Too few companies, for example, are taking advantage of the strong dollar to buy new technologies.
There have been only fitful efforts to develop green technologies, or process our abundant raw materials here and create spinoff jobs. It is easier to simply export crude natural resources and collect the cash and executive bonuses - and it always has been, from the fur trade to the tarsands.
This persistent timidity, and self interest, sounds more dangerous to national prosperity than overly generous union sick day provisions.
Why has Canada never developed its own car, like Sweden? Why does a small place like Switzerland (pop. 7.8 million) have so many more iconic brands and companies than Canada - Swatch, Victorinox, Nestlé, Novartis to name a few?
Sweden is synonymous with Ikea, Holland with Shell. What company says "Canada"?
...
Veteran Globe and Mail business columnist Eric Reguly has an explanation: Canadian investors, he writes, "would rather take an even meagre payout today than stick with a company for years to create a world beater."
Short-term greed, in other words. We'll see if the Harper government agrees - and if it will be as ruthless with its foot-dragging ideological friends as it is with its enemies.
Susan Delacourt - like the rest of the Liberal Party's media apologists - continues to peddle the lie that the public were "tricked" into punishing the Liberals.
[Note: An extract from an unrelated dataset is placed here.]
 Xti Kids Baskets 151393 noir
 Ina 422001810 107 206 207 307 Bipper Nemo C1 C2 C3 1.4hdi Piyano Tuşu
No sense of responsibility from the Liberals - either here or in Count Ignatieff's self-serving whinge in the G&M the other day.
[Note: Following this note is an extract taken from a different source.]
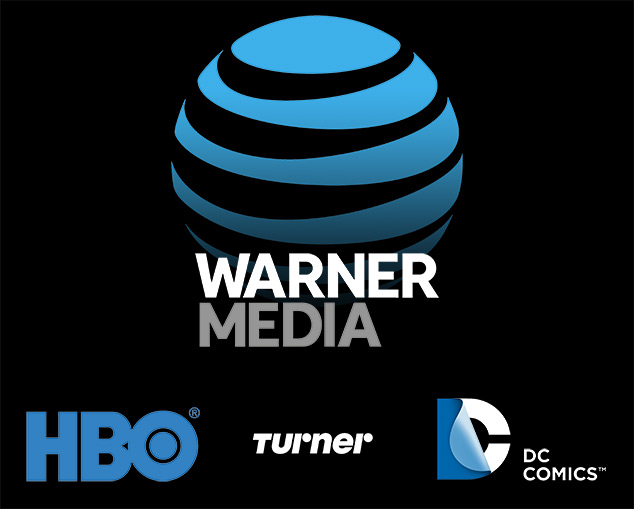 AT&T recua e não deve mais vender a divisão de games da Warner Bros -  Canaltech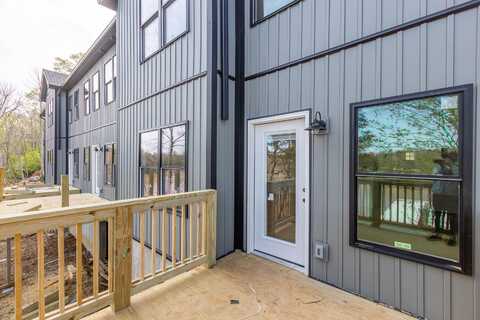 101 Walker Lane, Lancaster, KY 40444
ReplyDeleteIf the Liberal Party has ANY hope of surviving as a viable political force (and I hope to God it doesn't), it will involve taking at least a modicum of responsibility for their largely self-induced destruction.
Fortunately, the Liberal Party and their fartcatchers like Delacourt just don't get it. They believe that the constant repetition of their overweaning entitlement - only louder and more obnoxiously - is the key to recovery.